An important limitation of this study is that it was not a longitudinal design and, thus, results might not represent high-strength evidence for causality. Secondly, flow cytometry was not available for this study; therefore, single-cell analysis was not included. Thirdly, even though the use of different cell surface markers (eg, lin⁻, HLA⁻DR⁺, CD1c⁺, CD163⁺) to characterize the differentiation of hDCs from other innate immune cells has been thoroughly described, we used only the most commonly expressed marker (CD11c) in an attempt to describe hDCs. Given the lack of information on the role of these cells on MAFLD pathogenesis, the use of this wide and sensitive cell surface marker gives us a wider perspective on the role of these cells and opens assumptions regarding involvement of other immune cells which have not been described yet, questioning whether it is an actual limitation or not. Regarding methodology and analysis, one of the limitations consisted in having a single expert pathologist evaluating the immune-stained liver biopsies. In this case, blind analysis by multiple pathologists would have increased the study’s impact.

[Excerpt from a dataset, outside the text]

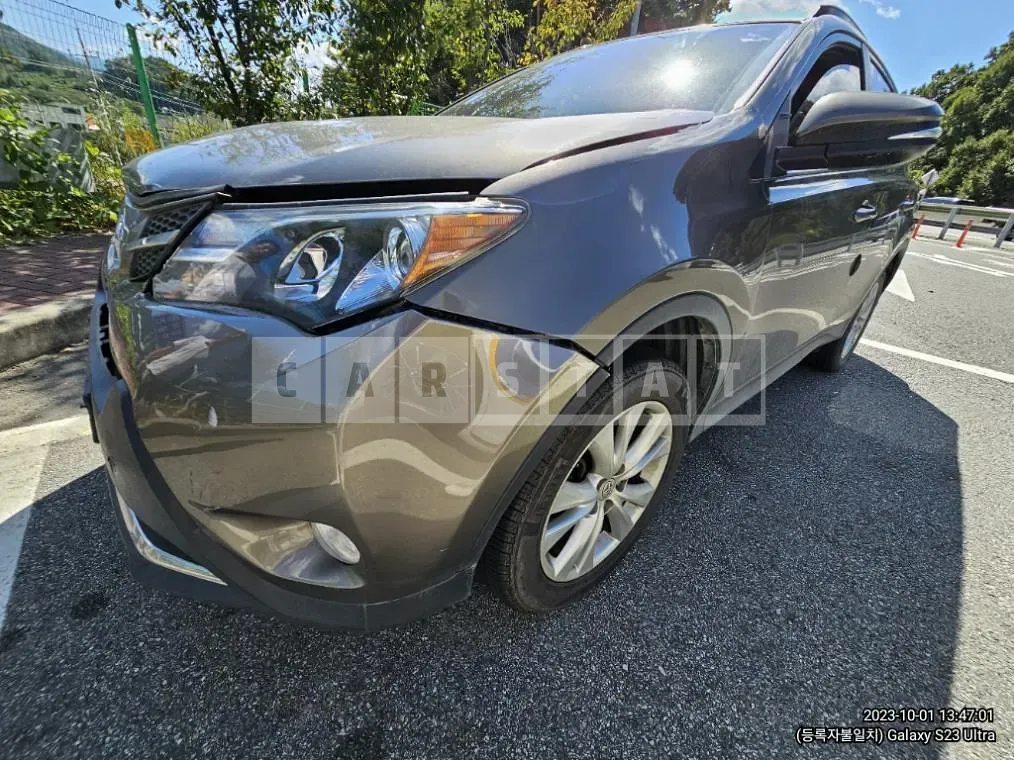 Photo 2 of 8: 2015 Toyota RAV4 4WD — Korean insurance auction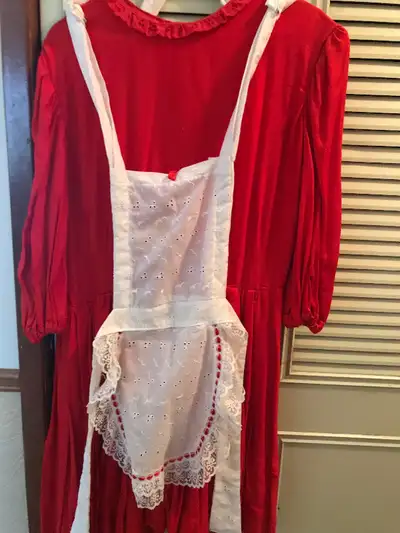 Highland dancing outfits size 10-12 but all can be adjusted as needed. Prices vary hornpipe out fit...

The main strength of this study is that it is the first to assess MAFLD variation among different phenotypes (according to BMI), including patients with different grades of obesity (n=109) and lean/overweight patients (n=19). It is also the first study in humans describing the expression of hDCs (CD11c⁺) in the liver of patients with MAFLD, with the previously mentioned stratification according to their BMI. Importantly, showing the 3-variable relations among the expression of hDCs, BMI, and MAFLD opens up discussion regarding a potential role of the innate immune system in humans, leading to future studies analyzing specific molecular mechanisms and possible variations according to BMI.

Conclusions

In this study, hDCs (CD11c+ cells) were found to be higher in liver tissues from MAFLD patients with higher BMI, especially those with morbid obesity. However, diagnosis of fibrosis in MAFLD patients did not increase the probability of expressing hDCs (CD11c+ cells). Despite the fact that hDC expression in MAFLD patients varies depending on BMI, we showed that hDC expression (CD11c+) was also increased in liver tissue from obese MAFLD patients with fibrosis. Thus, obesity might be directly associated with the increased expression of hDCs (CD11c+) and this association remains unchanged despite the presence of fibrosis. Future research for characterization of this relationship, including additional and specific hDCs markers, morbid obesity-specific histological assessment scores, determination of the source of immune effector cells, and standardized clinical measurements, is encouraged. In conclusion, hDC expression is significantly higher in morbidly obese patients with MAFLD compared with non-obese patients, independent of the degree of fibrosis, suggesting the role of adaptive changes within hDCs in the perpetuation of inflammatory insults in chronic liver diseases.